RCW 49.17.140 requires the Department to reassume jurisdiction, complete its informal conference process and issue a corrective notice of redetermination within 30 working days. The Department cannot extend the time for acting by issuing successive reassume orders. However, the failure of the Department to complete the process within the 30-day limit does not deprive the Department of jurisdiction to issue a subsequent corrective notice of redetermination absent a demand by the employer to transmit the original appeal to the Board. ....The Erection Company (I), 88 W134 (1990) Editor's Note: The Board's decision was appealed to superior court under King County Cause No. 90-2-06343-7]

Repeat violations

"Final orders" as contemplated by safety and health regulations include Board orders dismissing appeals as well as Board orders remanding to the Department.  These are properly included as final orders in the determination of the number of repeat violations.  ....Mt. Baker Roofing, Inc., 05 W0549 (2006) [Editor's Note:  The Board's decision was appealed to superior court under Whatcom County Cause No. 07-2-00012-3.]

A repeat violation occurs when the employer has been formerly cited for the same type of hazard; the Department is not required to establish that the employer had been previously cited for the same behavior.  ....Cobra Roofing Services, Inc., 00 W0760 (2002)[Editor's Note: The Board's decision was appealed to superior court under Asotin County Cause No. 02-2-00051-2]

Safe workplace rule

With respect to the general safe workplace citation, to establish a violation, the Department must prove the employer failed to provide a workplace free of hazard, which was recognized, and likely to cause death or serious injury.
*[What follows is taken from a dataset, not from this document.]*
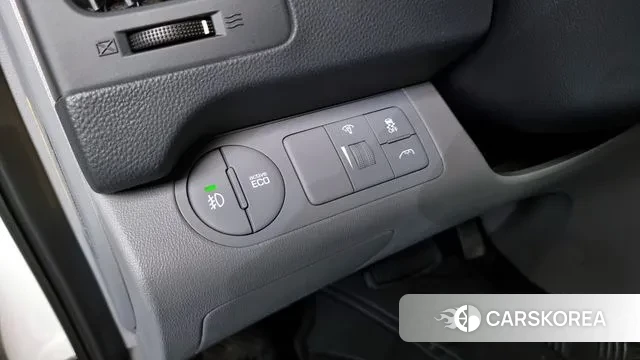 Hyundai The New Grand Starex 2019 Белый из Кореи, фото 5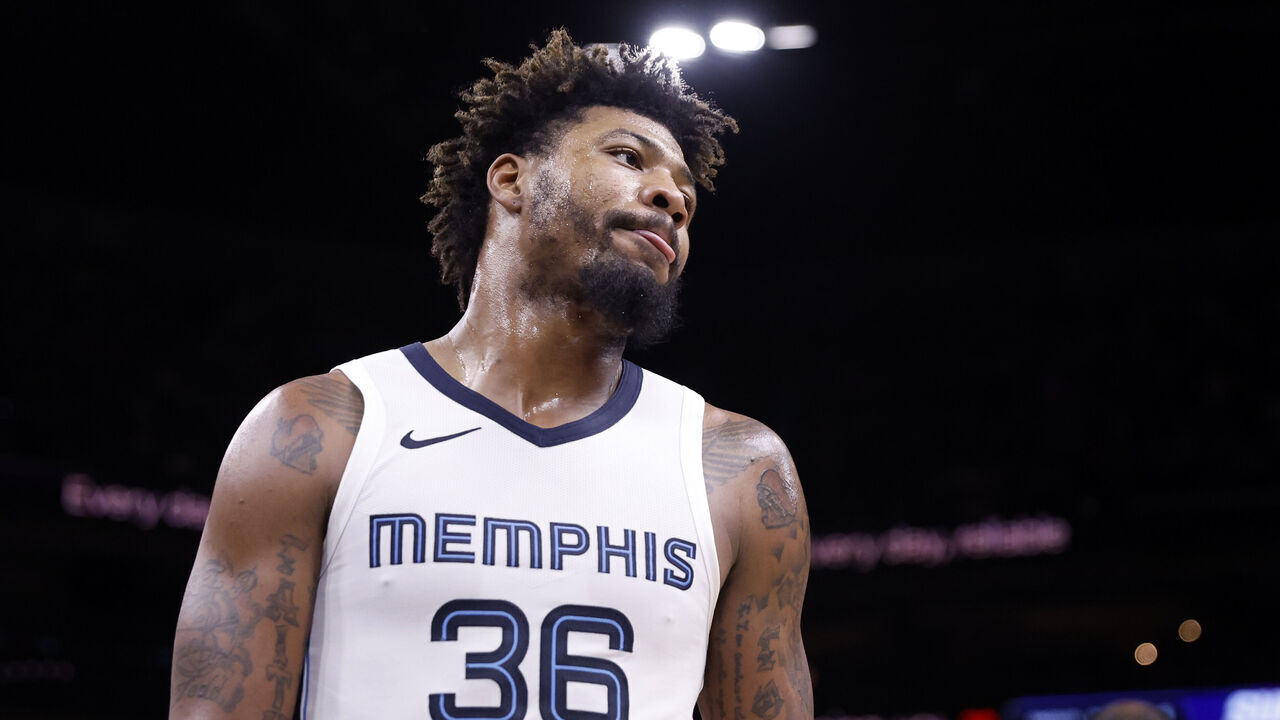 PHOENIX, ARIZONA - JANUARY 07: Marcus Smart #36 of the Memphis Grizzlies during the game against the Phoenix Suns at Footprint Center on January 07, 2024 in Phoenix, Arizona. The Grizzlies defeated the Suns 121-115.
Since the employer's operation involved equipment which was inherently dangerous, the Board considered a fourth criterion, indicating the Department must specify the particular steps an employer should have taken to avoid a "safe place" citation and demonstrate their feasibility. Citing In re City of Seattle, BIIA Dec., 89 W 136 (1991). ....ABB Power Generation, Inc., 93 W469 (1994)

Scope of review - SCOPE OF REVIEW Safety and Health

"Serious" violation

In determining whether a serious violation has occurred, the focus need not be on only a condition in the workplace, rather, focus may be on whether there is a substantial probability that harm could result from a practice, method or process in use in the workplace.  …William Dickson Company, 99 W0381 (2001) [Editor's Note:  The Board's decision was appealed to superior court under King County Cause No. 02-2-00501-2SEA(Employer), 02-2-03240-1SEA(Department).]

In order for a violation to be classified as "serious" there must be a showing that the employer had knowledge of the hazardous conduct or condition and that there was "a substantial probability that death or physical harm could result" from the violation. RCW 49.17.180(6). ....The Erection Company (II), 88 W142 (1990)[Editor's Note: The Board's decision was appealed to superior court under King County Cause No. 90-2-23987-0.]

Timeliness of citation RCW 49.17.120(4)

A second inspection of an employer commenced after the opening conference in the first inspection constitutes a separate inspection, not a continuation of the first, so that the time for issuing the citation and notice for the second inspection began on the date of the second inspection and not the first. RCW 49.17.120. ….Aerojet, 10 W1285 (2012)

"Willful" violation

Because an employer had been cited for trenching violations while working in certain soil conditions, and the employer was fully aware of the safety requirements in those soil conditions, its decision not to comply with trenching requirements constituted a "willful" violation since the employer substituted its judgment for the requirement of the safety code and demonstrated either the intentional disregard of or plain indifference to the requirements of the statute. ....Cam Construction, 90 W060 (1992)

In order to establish that a WISHA violation is "willful" the Department must demonstrate that it involved voluntary action, done either with an intentional disregard of or plain indifference to the requirements of the statute. ....The Erection Company (II), 88 W142 (1990) [Editor's Note: The Board's decision was appealed to superior court under King County Cause No. 90-2-23987-0.]